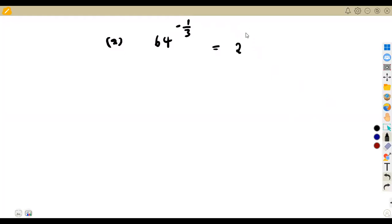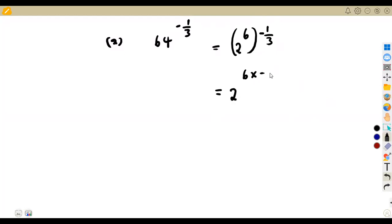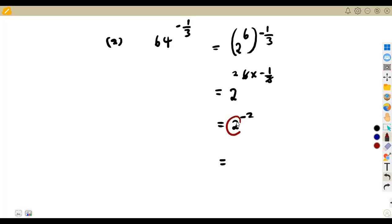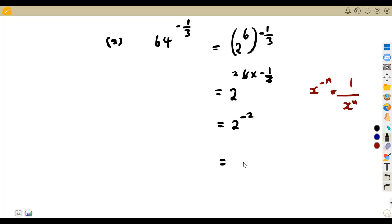We saw that 64 can be written as 2 to the exponent of 6, and there is already an exponent of minus one-third. So remember: 2 to the exponent of 6, raised to the exponent of minus one-third — we multiply the exponents: 6 times minus one-third. That is 6 over 3 times minus 1, which gives minus 2. From our laws of exponents, x to the exponent of negative n equals 1 over x to the exponent of n. So 2 to the exponent of negative 2 becomes 1 over 2 squared.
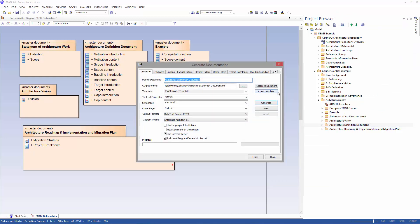This will open the generate documentation window where you'll have some options for your report. All you have to do then is click generate.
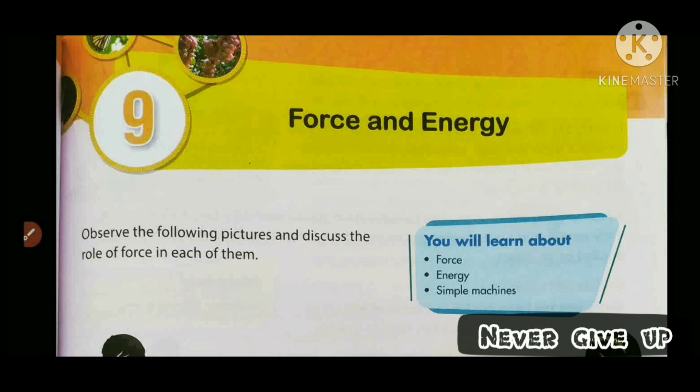Hello dear students, I hope you all are well. Now let's start your ninth chapter. Your ninth chapter name is Force and Energy, and its Hindi meaning is Bal or Urja.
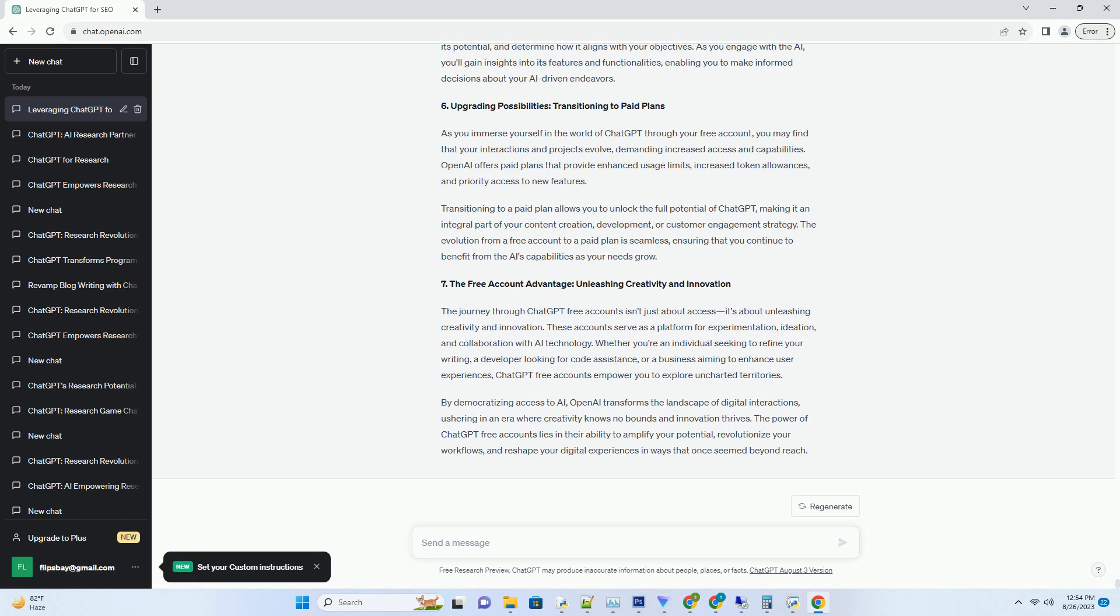For writers, the AI offers language suggestions, grammar checks, and content generation support. This enhances the quality of your writing and accelerates the content creation process. Businesses can leverage the AI to automate customer interactions, create engaging social media content, and personalize user experiences, all while staying within budget.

────────────────

▸ Task to carry out: Repeat the listing in full and exactly. Do not include any images.

▸ Result of this task:
We saw that 64 can be written as 2 to the exponent of 6, and there is already an exponent of minus one-third. So remember: 2 to the exponent of 6, raised to the exponent of minus one-third — we multiply the exponents: 6 times minus one-third. That is 6 over 3 times minus 1, which gives minus 2. From our laws of exponents, x to the exponent of negative n equals 1 over x to the exponent of n. So 2 to the exponent of negative 2 becomes 1 over 2 squared.
This will open the generate documentation window where you'll have some options for your report. All you have to do then is click generate.
Hello dear students, I hope you all are well. Now let's start your ninth chapter. Your ninth chapter name is Force and Energy, and its Hindi meaning is Bal or Urja.
For writers, the AI offers language suggestions, grammar checks, and content generation support. This enhances the quality of your writing and accelerates the content creation process. Businesses can leverage the AI to automate customer interactions, create engaging social media content, and personalize user experiences, all while staying within budget.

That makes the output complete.